Input data:
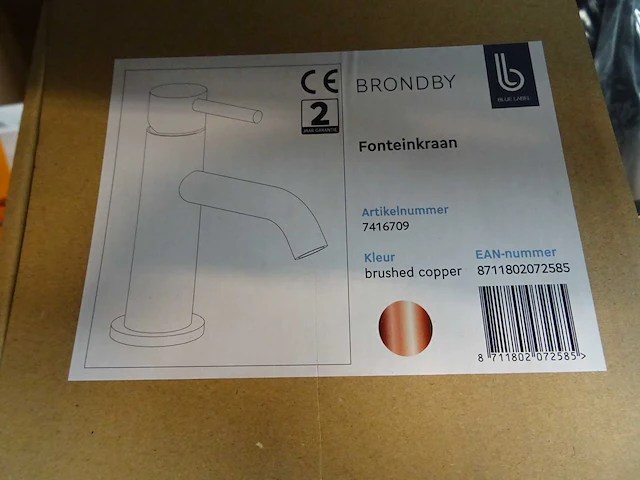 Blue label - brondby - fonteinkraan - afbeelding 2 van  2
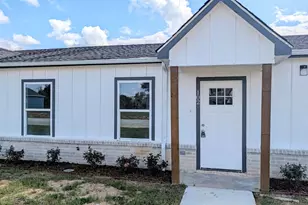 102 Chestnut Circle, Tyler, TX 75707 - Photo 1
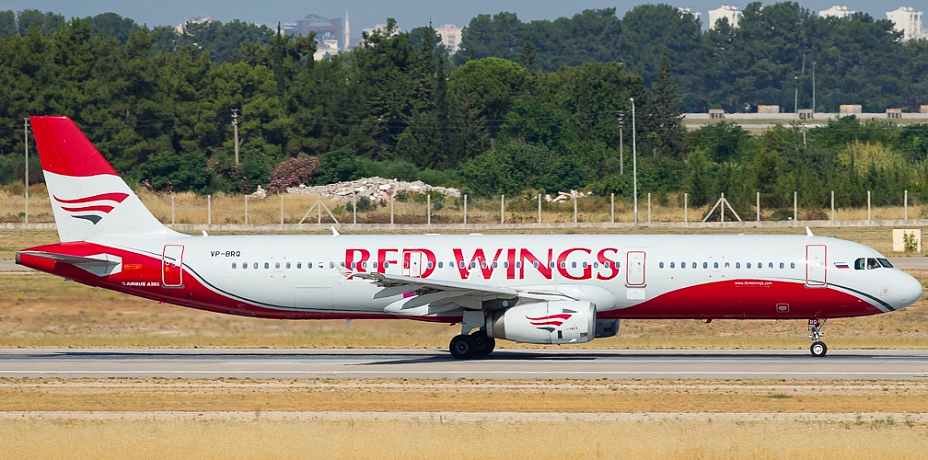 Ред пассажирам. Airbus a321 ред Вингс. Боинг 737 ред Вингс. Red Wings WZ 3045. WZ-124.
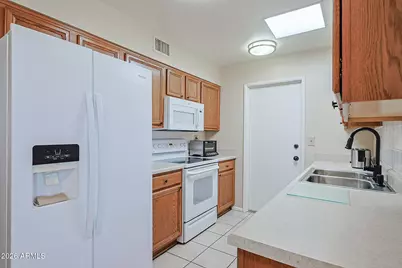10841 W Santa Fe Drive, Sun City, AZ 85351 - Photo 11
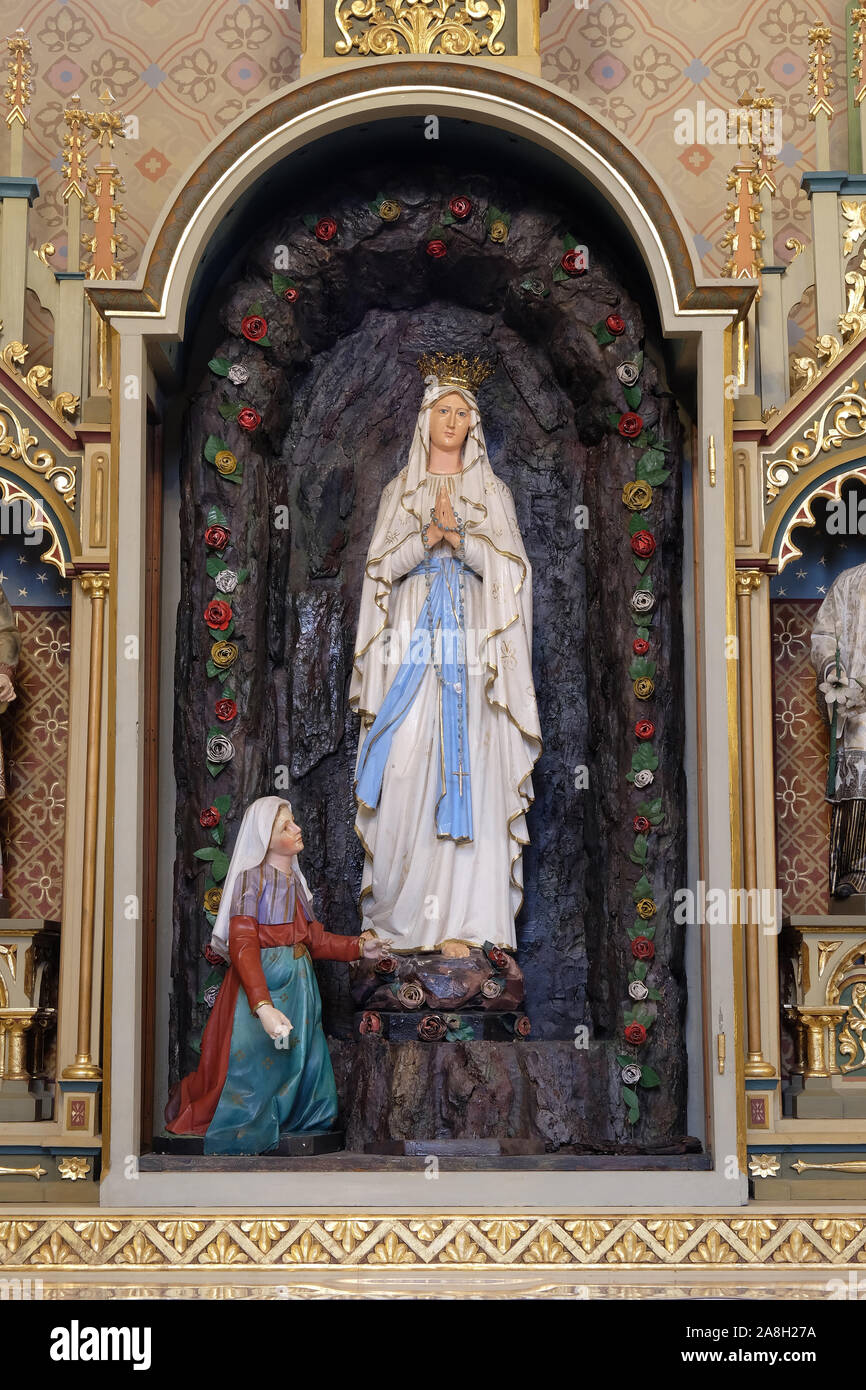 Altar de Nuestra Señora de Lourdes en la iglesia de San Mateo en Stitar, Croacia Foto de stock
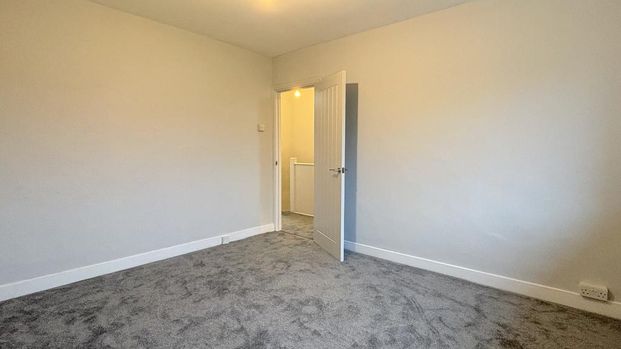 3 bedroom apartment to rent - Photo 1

---

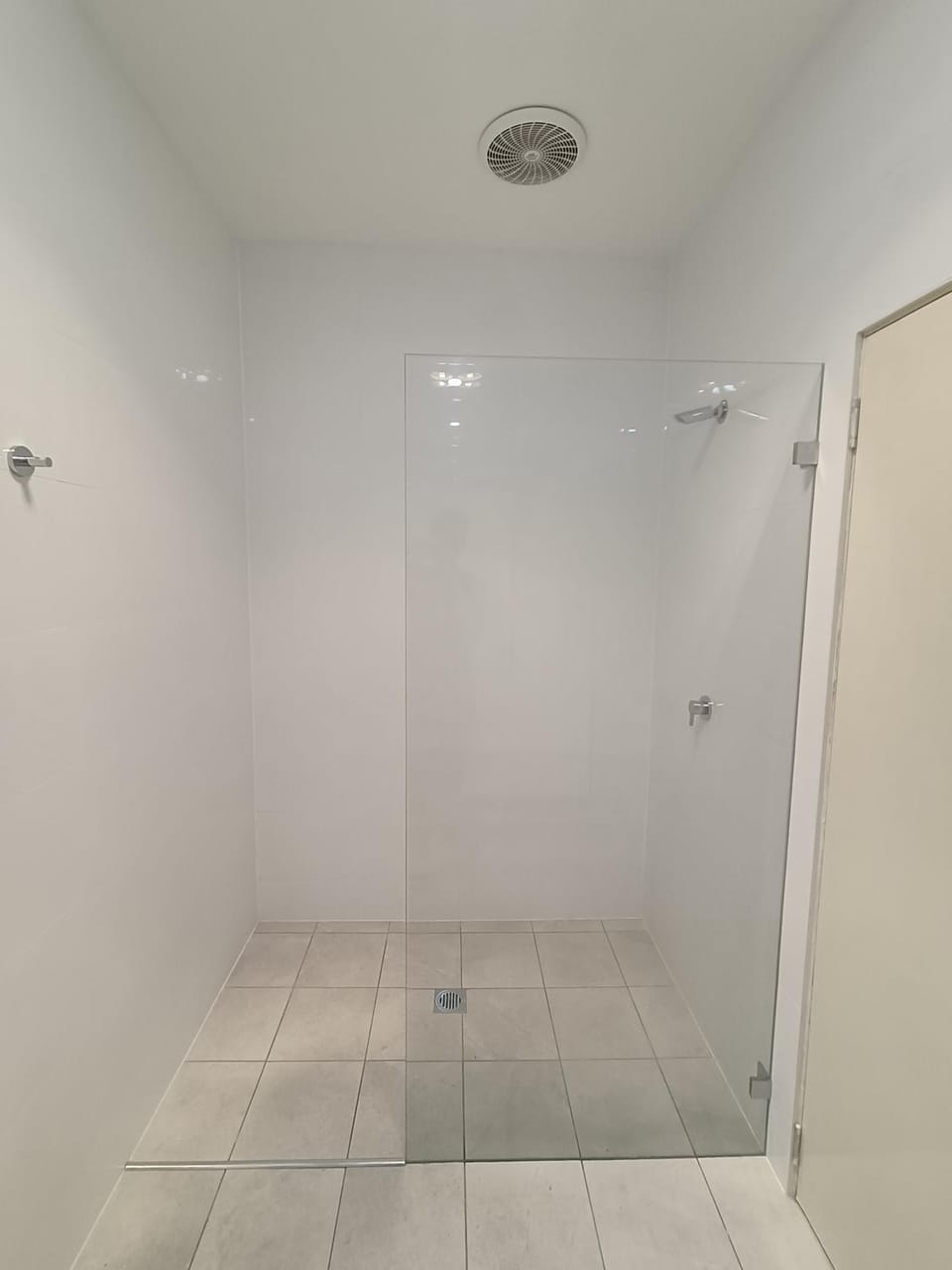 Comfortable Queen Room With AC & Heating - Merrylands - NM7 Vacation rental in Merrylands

---

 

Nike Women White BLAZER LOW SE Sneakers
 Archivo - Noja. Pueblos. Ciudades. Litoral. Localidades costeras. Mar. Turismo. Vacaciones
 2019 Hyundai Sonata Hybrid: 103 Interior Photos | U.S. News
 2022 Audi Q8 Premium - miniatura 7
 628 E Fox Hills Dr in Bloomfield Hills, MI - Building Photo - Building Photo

Your instructions:
Transcribe, exactly and without pictures, everything in the data from the line with "Blue label - brondby" down to the line with "3 bedroom apartment to rent - Photo 1", both included.

Response area:
 Blue label - brondby - fonteinkraan - afbeelding 2 van  2
 102 Chestnut Circle, Tyler, TX 75707 - Photo 1
 Ред пассажирам. Airbus a321 ред Вингс. Боинг 737 ред Вингс. Red Wings WZ 3045. WZ-124.
10841 W Santa Fe Drive, Sun City, AZ 85351 - Photo 11
 Altar de Nuestra Señora de Lourdes en la iglesia de San Mateo en Stitar, Croacia Foto de stock
 3 bedroom apartment to rent - Photo 1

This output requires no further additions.